Ms. Allen, who has a 10-month-old son, plans to go back to school for her GED in July, but in the meantime she has applied for work at a few Circle K convenience stores. She hasn't heard back.

Across America, teens have run into an onslaught of competition for entry-level jobs from older Americans who suffered financial losses during the recession and have had to supplement their income.

Some economists say many teen jobs were lost after Congress four years ago raised the minimum wage from $5.15 an hour to $7.25 an hour.

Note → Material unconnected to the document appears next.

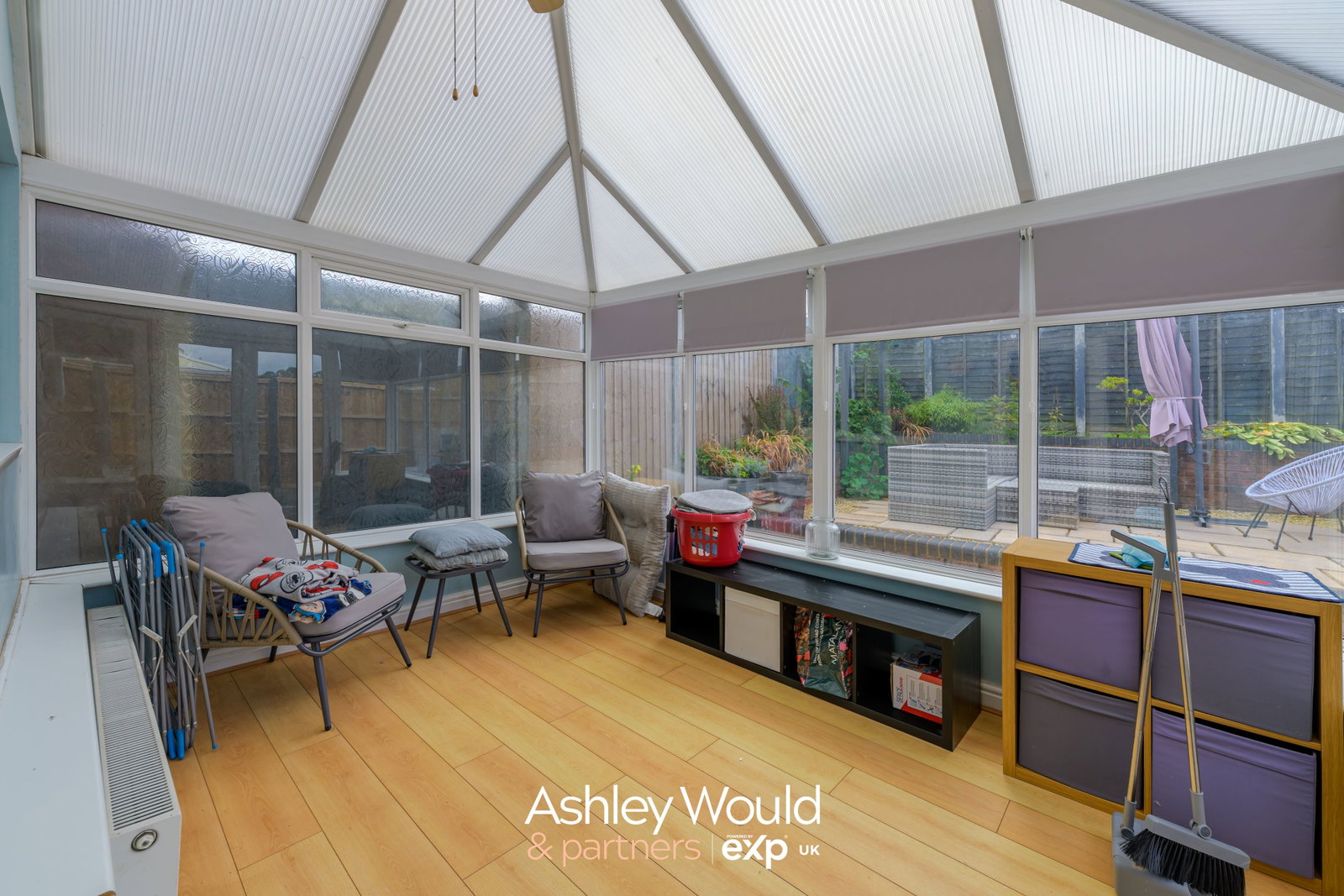 Semi Detached House for sale in Oldbury, Pevensey Close, Tividale, Oldbury, B69
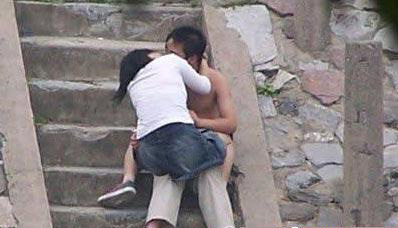 性開放彌漫大學校園 家長憂心啊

"Employers with these entry-level service-oriented positions, looking for low-skilled labor, pay very little and expect very little from it," says Dennis Hoffman, an economics professor at Arizona State University in Tempe. "When told they have to pay more than the marginal product is worth, they will be deterred from hiring them."

Another teen who's finding the job hunt difficult is 18-year-old Divine Favour Anene. Originally from Nigeria and another participant in the Kentucky program, he has been unable to find work – even with a GED. He wants a job in retailing or health care. He's applied to Wal-Mart and Kroger but has heard nothing back.

"I would say there is work out there, but you have to be a little more patient in this economic time," he says.

Indeed, some companies are gearing up to hire teens. In March, the DOL asked United Parcel Service to "match up" young DOL candidates with the company's plans for summer hiring. As a result, UPS says it will take on 1,500 "working students" who will get paid $8.50 to $9.50 an hour, plus medical benefits.

"No experience is necessary. We will train you, teach you, and hopefully you move forward and grow," says Matt Lavery, director of workforce training at UPS in Atlanta. "Ideally, the employment goes beyond the summer."

In northern California, John Hogan, chief executive officer of the staffing agency TeenForce, says he has recently signed up 15 businesses that are offering part-time work for 21 youths. In the past 10 months, TeenForce, which is only a year old, has placed 67 teens, Mr. Hogan says.

One of Hogan's goals is to improve the image of teen workers.

"Right now the image is not that good," he says. "But if you build a brand that is reliable, on time, and honest, it makes it easier for the next teen as well."